Engineering those elements and more for “Scream 2” was a daunting assignment. The sequel was rushed into development last spring when Bob Weinstein, who oversees Miramax Films’ genre division Dimension, determined that the company needed a sequel to its phenomenal success for the year-end holiday season.

Trouble was, “Scream’s” saving grace was its wised-up, self-satirizing commentary on slasher film cliches. Rushing out an equally clever sendup of sequels was hard enough; the fact that “Scream” scripter Kevin Williamson was spread thin between “I Know What You Did Last Summer” and his upcoming TV series “Dawson’s Creek” didn’t help matters any.

Craven is cagey about where Williamson’s ideas end and his begin in “Scream 2.” The details were considered so precious, however, that cast members saw only parts of the script, and those pages were printed on dark paper that made them impossible to copy or fax.

Making fun of sequels should be a breeze. Sequels, after all, are usually so cheesy they become unintentional self-parodies of the movies that spawned them.

But the stakes were naturally higher with “Scream 2,” making the balancing of humor and horror a delicate operation.

“We were more self-conscious about this picture,” Craven admits. “First of all, we didn’t quite know what we had done right in the first one. And to an extent you shouldn’t know; you don’t want to reduce it to formula.

“Another thing we wanted to be acutely aware of was that there never be a moment that says to the audience, `Aren’t we so clever? Here we are, making our sequel.’ Which was really tough because here you were, making jokes about sequels. But I was always looking for that point where there’d be one joke too much. There was a lot of attempted exercise in restraint.”
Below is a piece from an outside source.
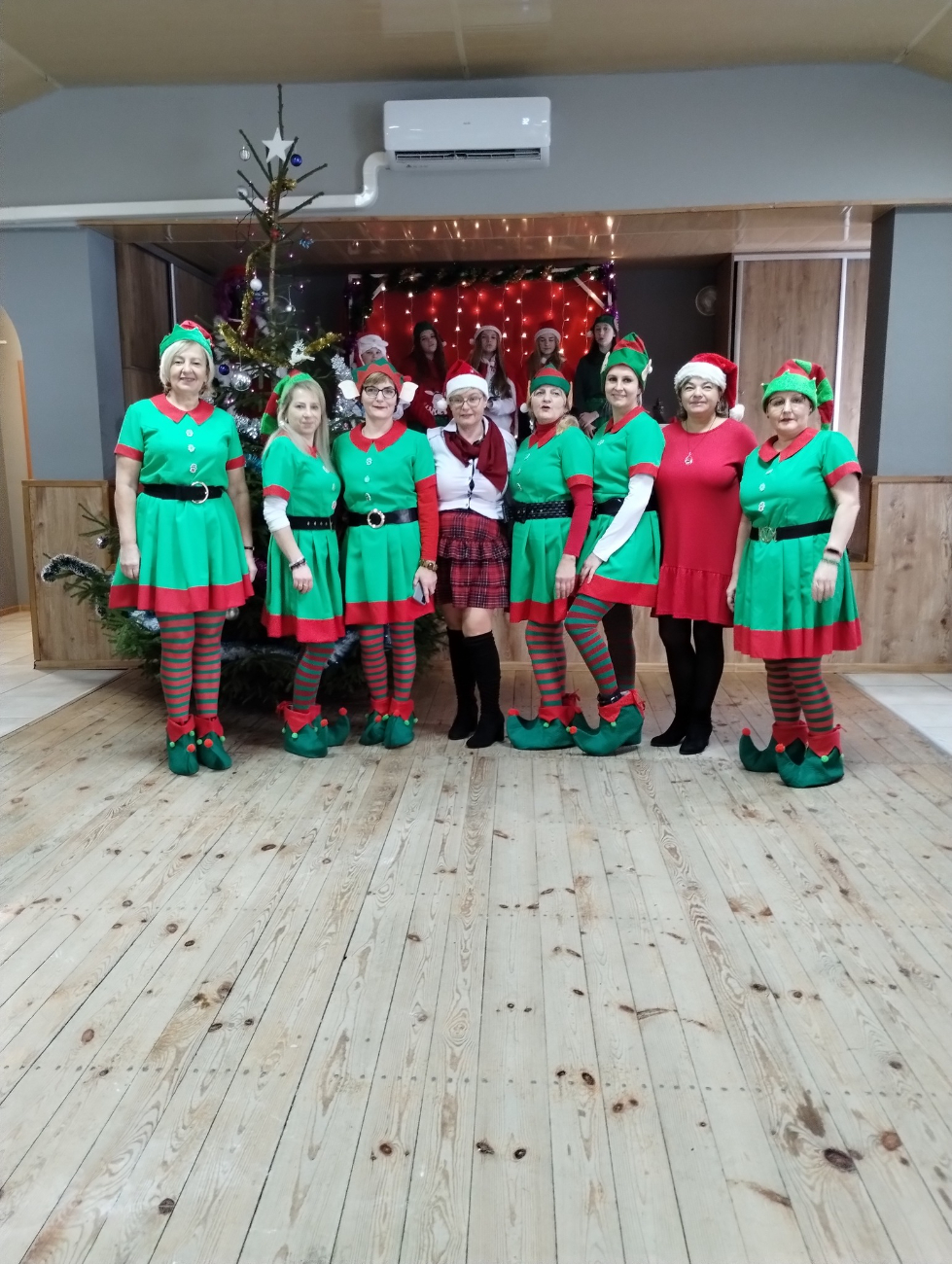 Mikołajki w Rozalinie z KGW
The gory stuff was more a matter of effectively applying scare tactics Craven has honed through two “Nightmare on Elm Street” films, “The People Under the Stairs,” “Shocker,” “Swamp Thing” and many other theatrical and television thrillers.

“Wes was just amaaazing to work with,” gushes “Last Summer” star and TV’s “Buffy the Vampire Slayer” Sarah Michelle Gellar, who plays a stalked sorority sister in “Scream 2.” “Talk about someone who really created the genre; he just knows every nuance of how to walk and how to turn your head and how to hear a noise off screen. He makes the smallest things into these wonderful moments.

“Unlike many people that stay with one genre but don’t progress, he’s progressed,” Gellar adds. “He’s taken what used to be this worthless slasher cycle to this new level. It’s incredible to work with a master like that.”

But now it’s time for Craven to move on to the next level. His Miramax deal permits him to make one non-genre film in exchange for the “Scream” sequel and a second horror entry. He’s chosen a dramatization of “Fiddlefest,” the documentary about a Harlem music teacher.

“I think it connects to the academic in me,” says the Cleveland native, who holds a master’s degree from Johns Hopkins University. “I’ve taught at both the college level and a year of high school. I also love classical music and lived in New York, so it’s got a lot of elements that appeal to me.”